Eric Webber

Personal information
- Full name: Eric Victor Webber
- Date of birth: 22 December 1919
- Place of birth: Shoreham-by-Sea, England
- Date of death: 10 December 1996 (aged 76)
- Place of death: Southampton, England
- Height: 6 ft 1 in (1.85 m)
- Position(s): Centre-half

Youth career
- Fareham Town
- Gosport Borough
- Norwich City
- 1937–1938: Southampton

Senior career*
- Years: Team / Apps / (Gls)
- 1938–1951: Southampton / 182 / (0)
- 1951–1956: Torquay United / 149 / (2)
- Total:  / 331 / (2)

Managerial career
- 1951–1965: Torquay United
- 1965–1970: Poole Town

= Eric Webber =

English footballer (1919–1996)

Eric Victor Webber (22 December 1919 – 10 December 1996) was an English football player, playing as a centre-half, and manager.

==Playing career==

===Early days===
Although he was born at Shoreham in West Sussex, Webber's family moved into Hampshire when he was a child and he played for Fareham Senior School, before joining Fareham Town and then Gosport Borough. He had an unsuccessful trial with Portsmouth before Jim Angell recommended him to Tom Parker, the manager of Norwich City. In 1937, he followed Parker to Southampton where he was initially a member of the club's nursery side, playing in the Hampshire League.

===Southampton===
Webber was quickly promoted to the Reserves where his efforts were rewarded by a professional contract in March 1939. He made one appearance in the first team on 15 April 1939 when he took the place of Stan Cutting at right-half for the match at Blackburn Rovers; the match was lost 3–0, and Ray Parkin took over at right-half for the next match. Before he had the chance to establish himself in the first team, normal football was suspended following the outbreak of World War II.

During the war, he served in the RAF but also managed to play wartime football for Mansfield Town and Derby County.

He returned to The Dell in 1945 and immediately became the regular centre-half, being ever-present in 1948–49 and 1949–50. Promotion was narrowly missed in 1947–48 when Saints finished in third place, a feat repeated the following season (despite having an 8-point lead with 8 games to play) whilst in 1949–50 Southampton were to be denied promotion by 0.06 of a goal, missing out on second place to Sheffield United.

In March 1948, Webber came up against George Lowrie in consecutive matches against different clubs.
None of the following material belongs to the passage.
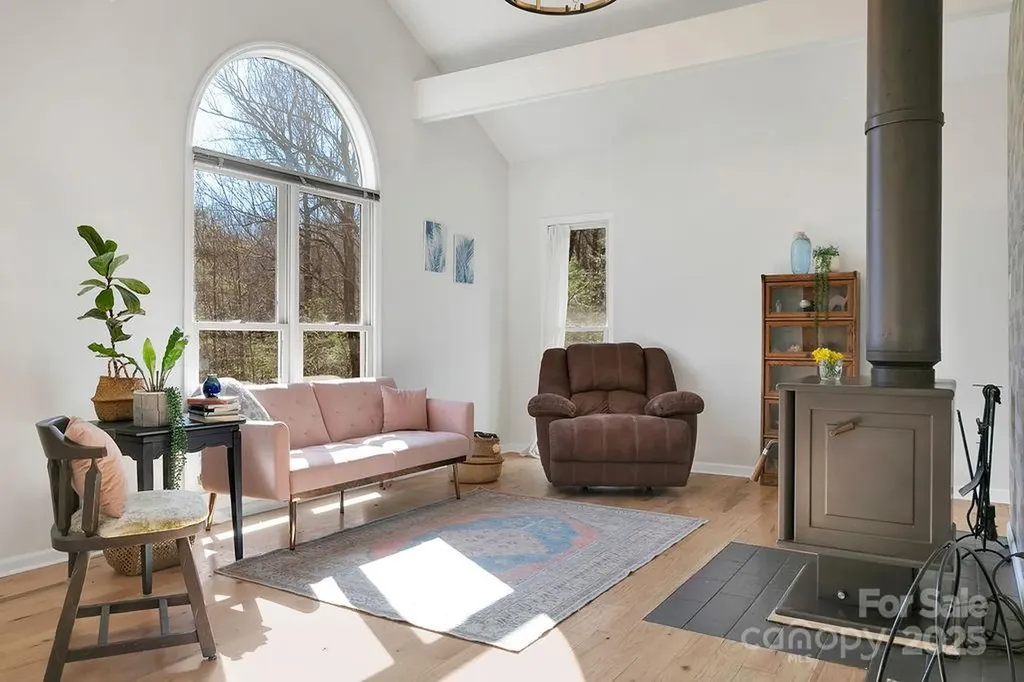 1881 Becky Mountain Road Brevard NC 28712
On 6 March, Saints won 1–0 at Coventry City; during the week Lowrie moved to Newcastle United (becoming their most expensive signing in the process), and on 13 March, Saints defeated Newcastle at The Dell 4–2. In both games, Webber marked Lowrie out of the game. Lowrie was to have "revenge" at the end of the season, however, as Newcastle took the second promotion place ahead of The Saints.

According to Holley & Chalk's The Alphabet of the Saints, Webber was "an effective blocker of anything that came his way". He became team captain in 1950, succeeding Bill Rochford, and his leadership qualities were soon to stand him in good stead, when he moved to Torquay as their player-manager.
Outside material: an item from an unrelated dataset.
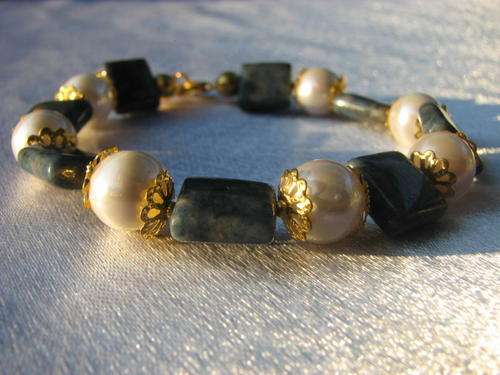 Stunning Lapis Lazuli and Shell Pearl Bracelet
He played 182 league games for Southampton, plus 10 in the FA Cup.

===Torquay United===
In October 1951 Webber left Southampton to become player-manager at Torquay United. He continued as a player until 1955, making 149 league appearances for the Gulls.

==Managerial career==

===Torquay United===
In January 1955 Webber managed the club to an historic 4–0 win over Leeds United in the FA Cup.

In the 1956–57 season, he almost took Torquay to promotion from Division Three (South). On the final day of the season they needed to take maximum points from their game against Crystal Palace, but only managed to obtain a draw, so Ipswich Town took the only promotion place then available (on goal average). He did however lead Torquay to promotion from Division Four in 1960, Torquay finishing in 3rd place. Torquay were relegated two years later, again on the last day of the season, but Webber remained at the club until he was surprisingly sacked in May 1965, to be replaced by Frank O'Farrell after Torquay had finished in 12th place at the end of the season. He had spent nearly 14 years as Torquay manager, signing a number of players who would go on to greater things, including Robin Stubbs whom he signed from Birmingham City for £6,000.

===Poole Town===
After spending 14 years as manager at Plainmoor, Webber spent another five years as manager at Poole Town, before retiring from football in 1970.

==After football==
In August 1970, Webber returned to Southampton, where he ran the Manor House pub in Woolston until retiring in April 1984.